The sari wearing ceremony is a rite of passage into womanhood for Parsi women---that is, women of the Zoroastrian religion.  Known as a gara, the Parsi sari is draped with the left ear showing, and Parsi women would wear just one "chandelier" earring.  The garas has been prized since the 19th century for their stunning embroidery.

Firoza Punthakey Mistree and Pheroza Godrej are curators of this exhibit of Parsi silk and muslin at the East West  center gallery.

East West Center
Credit East West Center
Garas, or Parsi saris, embroidered in China are family heirlooms today. Contemporary garas, mostly made in India, are still worn for special occasions.

Godrej says Chinese merchants persuaded embroiderers to use special techniques for their Parsi customers who used up to 9 yards of intricately embroidered border pieces to set off the edges of their gara. 

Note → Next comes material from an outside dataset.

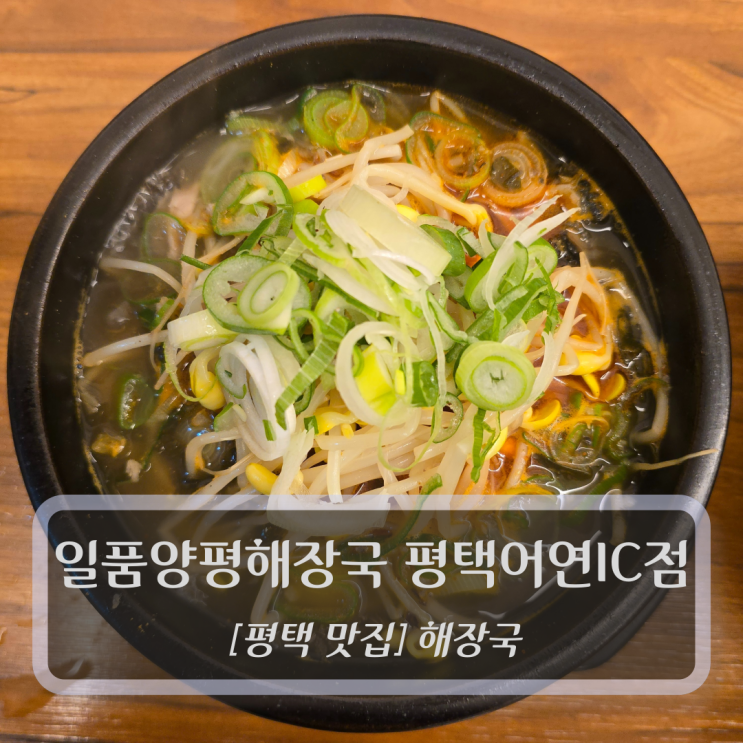  평택 맛집 :: 일품양평해장국 평택어연IC점 - 고덕해장국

Fine textiles were not all they traded.  Some see Parsi involvement in the opium trade as crucial to the development of the British colonial, Imperial, then, Indian economies. 

Learning English pivoted the Parsi’s into position with the British East India Company and later with the Crown.  Opium manufactured in India was sold in China and ships returned with tea and fabrics.

Michael Schuster, curator for the EWC Gallery, says the 19th -early 20th century saw a flowering of Parsi business and culture, when  British and Parsi businessmen together built the city of Mumbai.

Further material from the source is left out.